Task data:
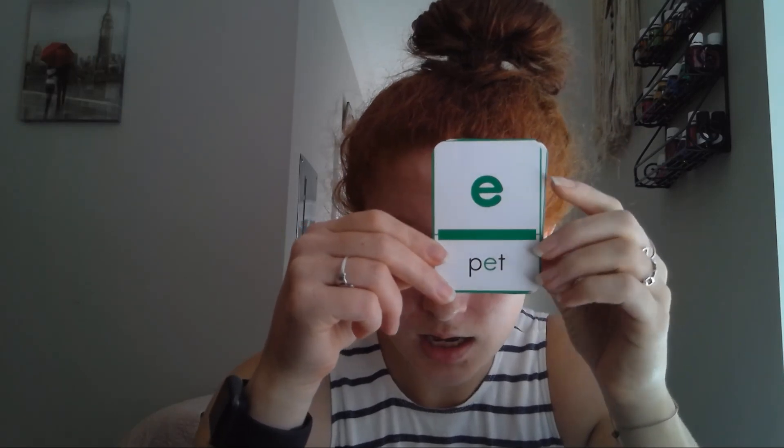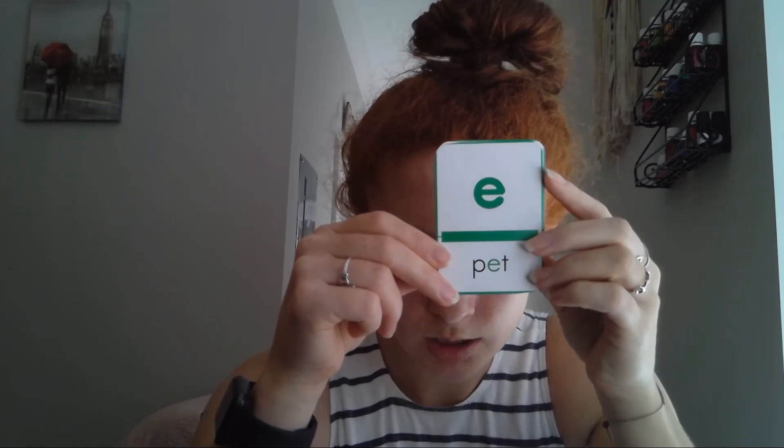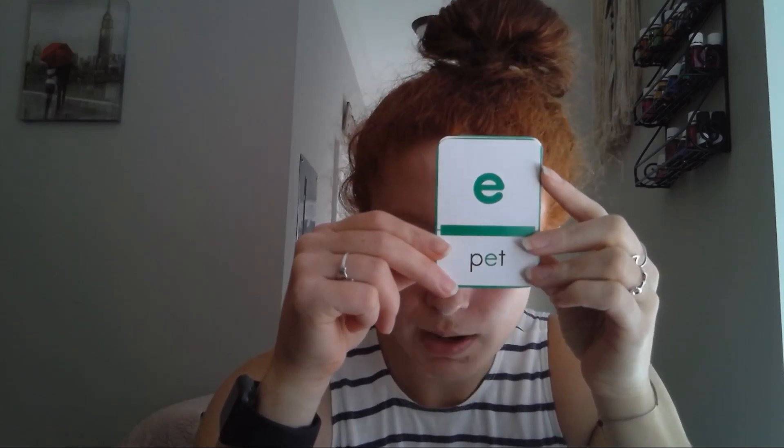Remember that letter E is used to spell and write 'eh' in English words. Remember that 'eh' is a vowel sound, and vowel sounds are always going to be written in green on these spelling cards because when we say a vowel sound, our mouths are open and letting the air go.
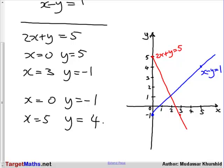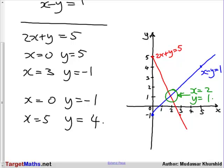Now, graphically, the solution of simultaneous equations is very simply found by the intersection of the two lines. Looking at the two lines, they intersect at this point. As you can see, at this point x is equal to 2 and y is equal to 1, which is what we would expect and tallies with what we got by solving the equations algebraically.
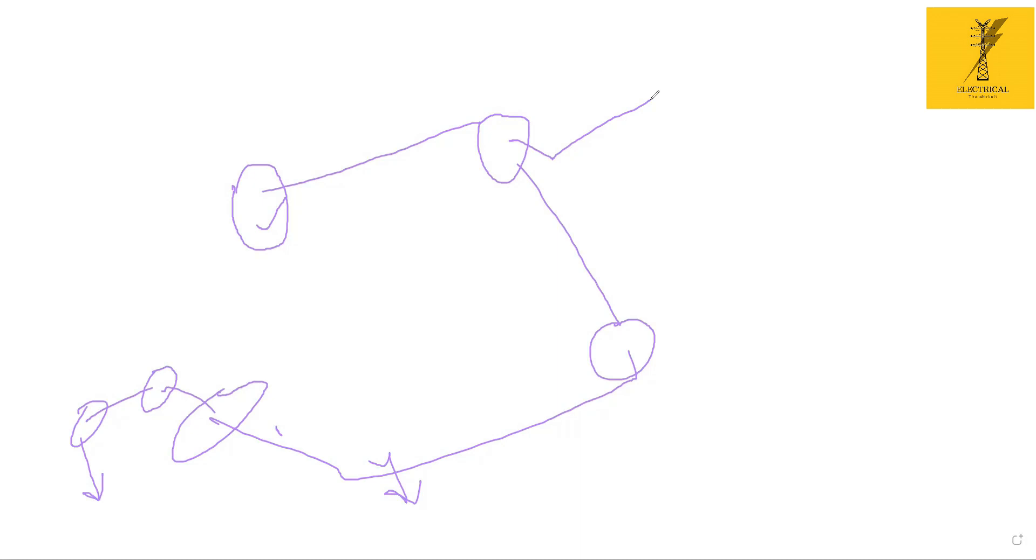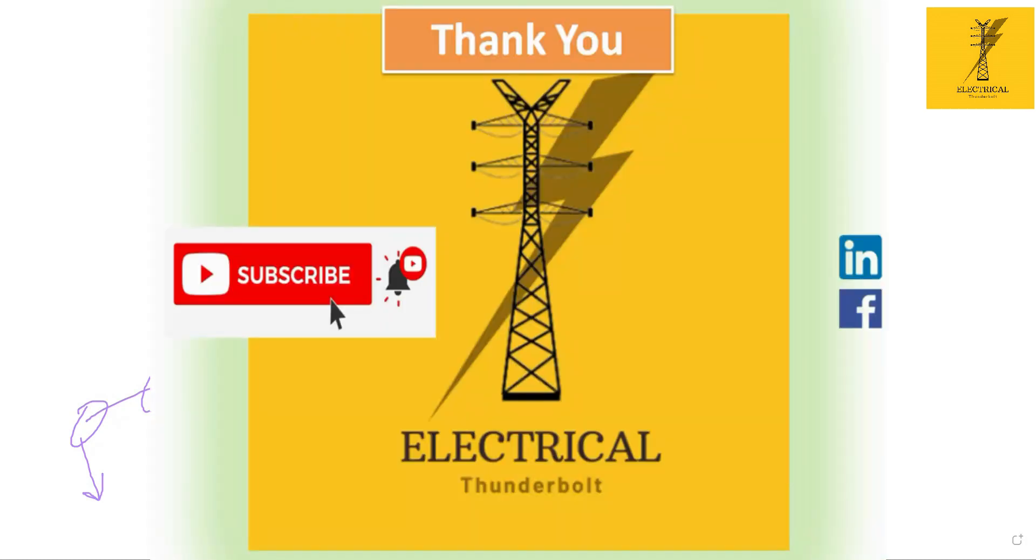We will start the work of doing the single line diagram in our next sessions. That's it from my side.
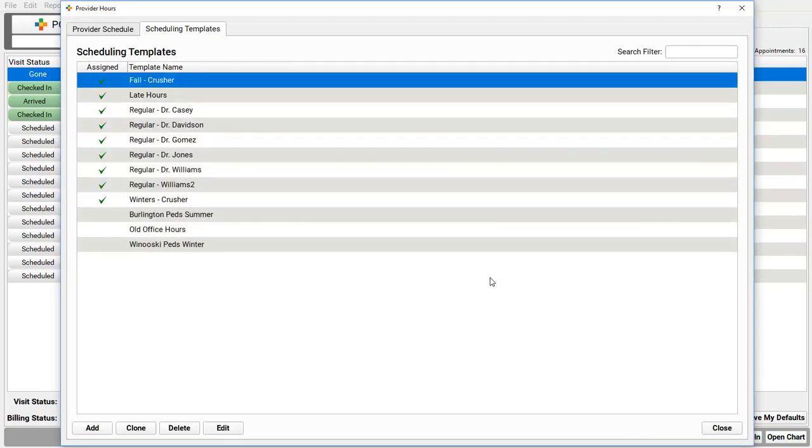I can have as many templates as I want here. Now, we've got separate templates for each clinician, but you could just create a single template for multiple doctors, or a single on-call template, for example, that you use for whoever the on-call clinician is.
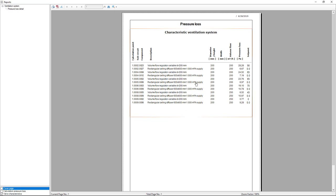We see here all the dampers and air terminals including the volume flow, the pressure loss, and the set point.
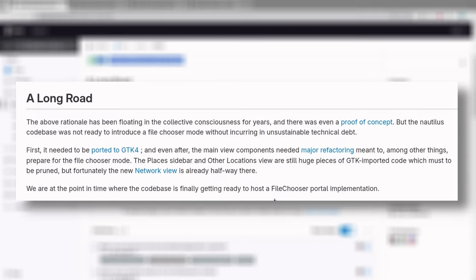So it goes like, The above rationale has been floating in the collective consciousness for years, and there was even a proof of concept. But the Nautilus codebase was not ready to introduce a File Chooser mode without incurring in unsustainable technical debt. First, it needed to be ported to GTK 4, and even after, the main view components needed major refactoring meant to, among other things, prepare for the File Chooser mode. The places sidebar and other locations view are still huge pieces of GTK imported code which must to be pruned.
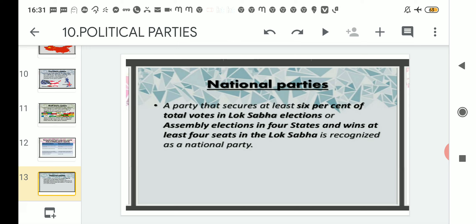Every state has its own state assembly elections. If a party wins six percent of the total seats in at least four states — out of the 29 or 30 states — it can qualify as a national party. So there are three conditions: either win six percent of total Lok Sabha seats out of 543, or win six percent of assembly election seats in at least four states, or win at least four seats in the Lok Sabha.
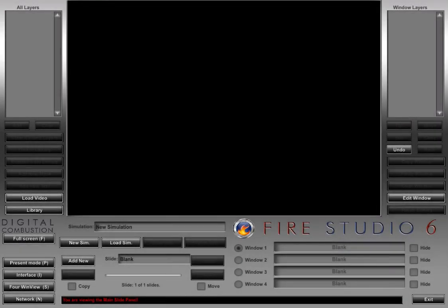Hi, this is Rich Merritt with Digital Combustion, and today's video is on the library panel, part of our FireStudio 6 interface series. This is the first in a series of short videos we're going to create to help you understand the FireStudio 6 interface.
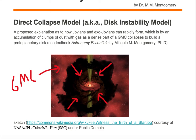As the clump is collapsing to form the protoplanetary disk, clumps of gas and dust are merging within the protoplanetary disk to build and form an exo-Jovian, or a Jovian. In the direct collapse model, as the protostar and the protoplanetary disk are forming, so are the Jovians.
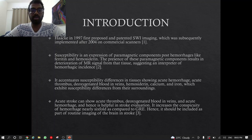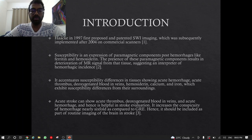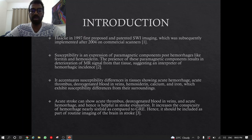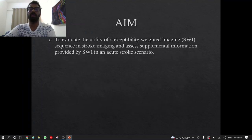It accentuates susceptibility differences in tissue showing acute hemorrhage, acute thrombus, deoxygenated blood in the vein, hemosiderin, calcium and iron, which exhibit susceptibility differences from the surrounding. Acute stroke can show acute thrombus, deoxygenated blood in the veins and acute hemorrhage, and hence SWI is helpful in stroke evaluation. It increases the conspicuity of hemorrhage nearly six-fold as compared to GRE, and hence it should be included as part of routine imaging of the brain in stroke.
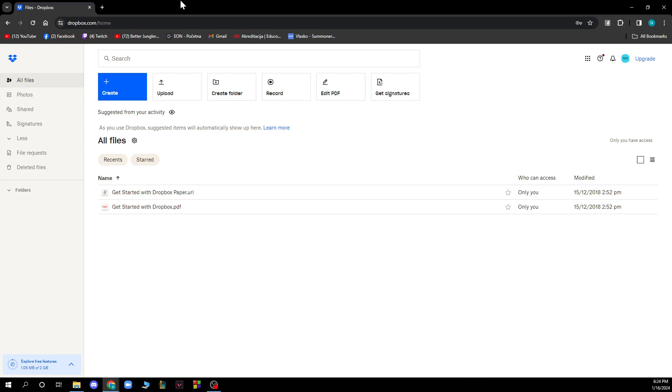The first thing that you need to do is go on dropbox.com and you'll be greeted by a website like this. When you did that, you just need to go and log into a Dropbox account. If you do not have an account, you need to register to your Dropbox account and when you have it, you'll be greeted by a screen like this.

Exercise objective:
Using the data above, set down each line from the line with "Now, graphically, the" to the line with "We see here" exactly, both ends included, and leave the pictures behind. Nothing else belongs.

Response to this task:
Now, graphically, the solution of simultaneous equations is very simply found by the intersection of the two lines. Looking at the two lines, they intersect at this point. As you can see, at this point x is equal to 2 and y is equal to 1, which is what we would expect and tallies with what we got by solving the equations algebraically.
We will start the work of doing the single line diagram in our next sessions. That's it from my side.
I can have as many templates as I want here. Now, we've got separate templates for each clinician, but you could just create a single template for multiple doctors, or a single on-call template, for example, that you use for whoever the on-call clinician is.
We see here all the dampers and air terminals including the volume flow, the pressure loss, and the set point.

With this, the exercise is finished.